However, there is an American saying holds “that there is no free lunch”. To have or eat lunch, one must pay. Similarly, for the Liberian nation to survive the Ebola Crisis, we must pay a price in return – in terms of a temporal curtailment of some of our constitutional rights. The President’s letter of request was and is precise in its description/choice of those constitutional rights that constitutes the “Measures” – to be curtailed during the emergency and the Emergency Powers necessary to implement the Measures, all consistent with the constitution.
Apparently, graft, greed and ignorance prevailed and gave rise to legislative denial/rejection of the President’s request. Now, we are back to square One – with the Ebola roaring epidemic, over which we have no control.
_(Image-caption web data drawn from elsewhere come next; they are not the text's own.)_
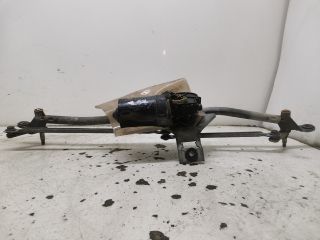 bontott VW POLO CLASSIC Első Ablaktörlő Szerkezet Motorral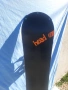 сноуборд  HEAD ROCKA FW 4D   +автомати 163см., снимка 9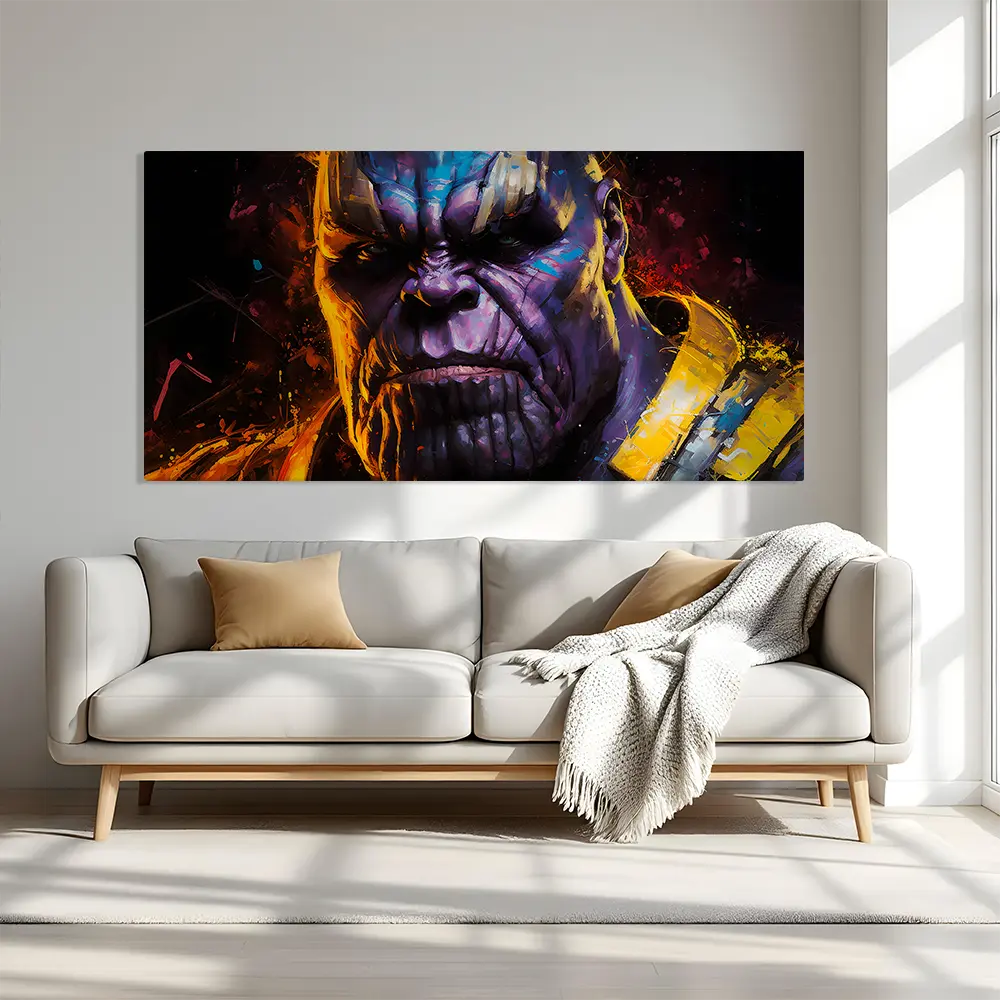 Thanos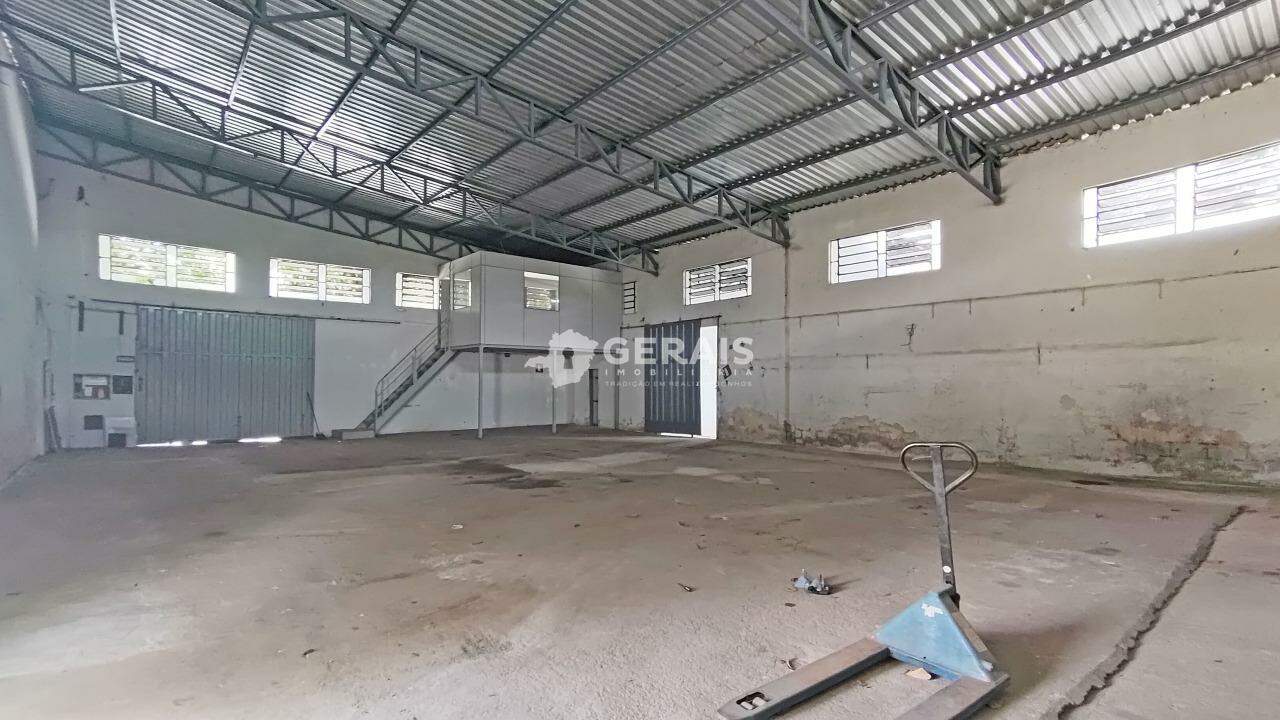 Galpão para aluguel no SANTA CLARA: 06- GALPÃO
But, some of the members of the National Legislature careless, because they are citizens of foreign countries who earn fabulous incomes with undefined salary allowances and live here at the taxpayers’ and donors’ expense. The families of some of the present senatorial and former presidential candidates live permanently in foreign countries, because the heads of the families are citizens of those countries. In fact, some of the 139 candidates approved by the National Elections Commission for 15 seats are under charges of being citizens, while others have admitted citizenship of foreign countries in violation of Article 30 of the Liberian Constitution. Mathematically, 139 candidates for 15 seats translate to 9.2 candidates competing per seat.
With all of these critical, numerous problems, including this deadly Ebola Crisis, where, indeed, do we go from here?